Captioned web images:
»»
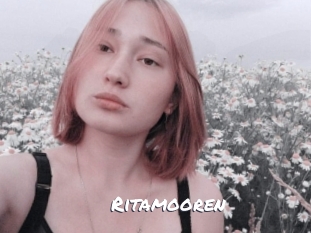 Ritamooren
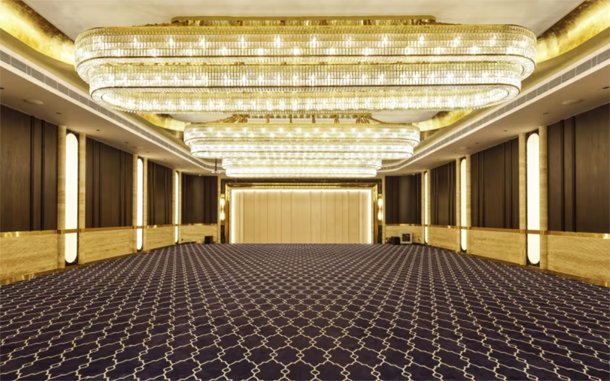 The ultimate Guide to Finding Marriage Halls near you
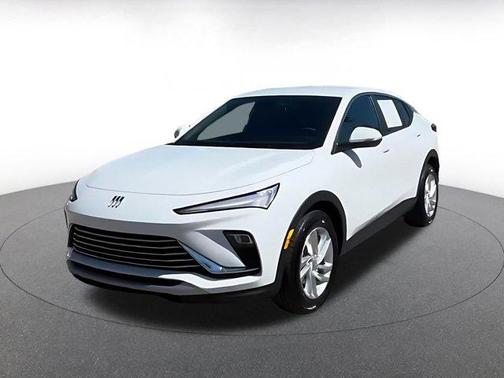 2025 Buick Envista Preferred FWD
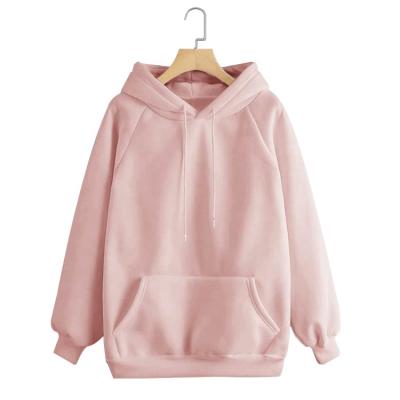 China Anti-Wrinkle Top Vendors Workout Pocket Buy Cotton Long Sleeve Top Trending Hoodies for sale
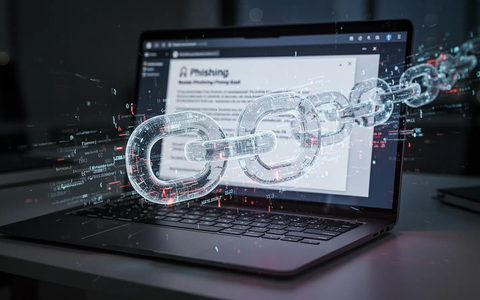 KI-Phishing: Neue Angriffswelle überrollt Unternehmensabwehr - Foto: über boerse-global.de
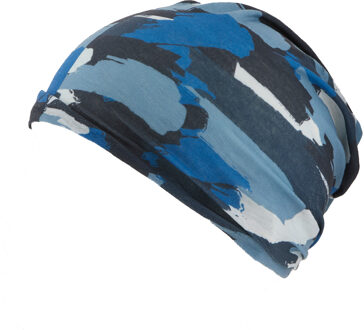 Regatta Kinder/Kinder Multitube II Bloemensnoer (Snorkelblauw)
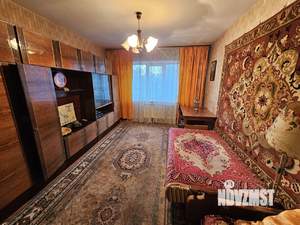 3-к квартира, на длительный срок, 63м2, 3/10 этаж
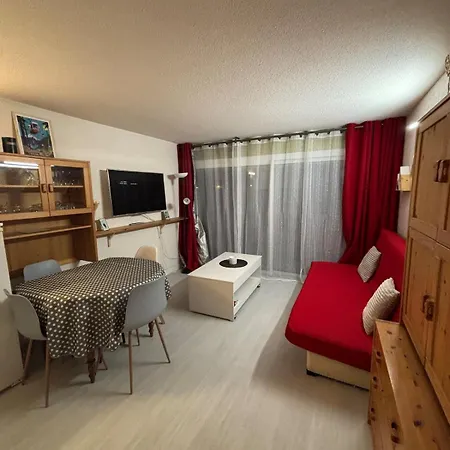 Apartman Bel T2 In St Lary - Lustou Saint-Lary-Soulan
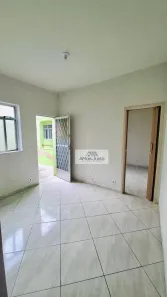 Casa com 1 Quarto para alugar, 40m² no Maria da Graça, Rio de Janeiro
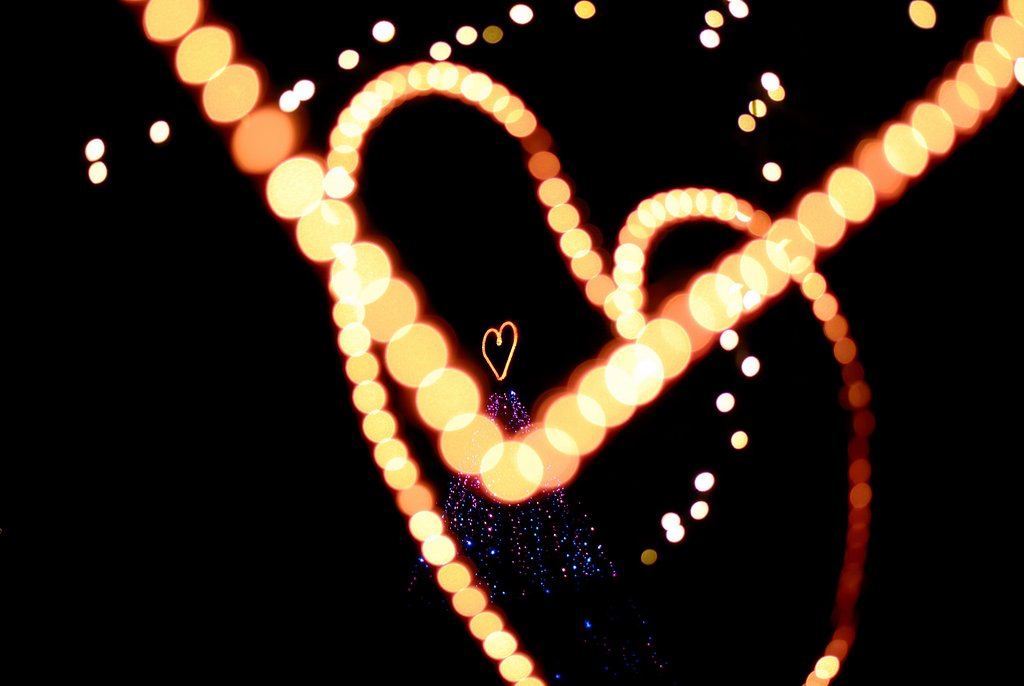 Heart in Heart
««
▸ **What is expected**: The first line of the entries, the line containing "3-к квартира, на", and every line between them are to be output exactly; pictures are not.

▸ **Answer to this problem**:
 Ritamooren
 The ultimate Guide to Finding Marriage Halls near you
 2025 Buick Envista Preferred FWD
 China Anti-Wrinkle Top Vendors Workout Pocket Buy Cotton Long Sleeve Top Trending Hoodies for sale
 KI-Phishing: Neue Angriffswelle überrollt Unternehmensabwehr - Foto: über boerse-global.de
 Regatta Kinder/Kinder Multitube II Bloemensnoer (Snorkelblauw)
 3-к квартира, на длительный срок, 63м2, 3/10 этаж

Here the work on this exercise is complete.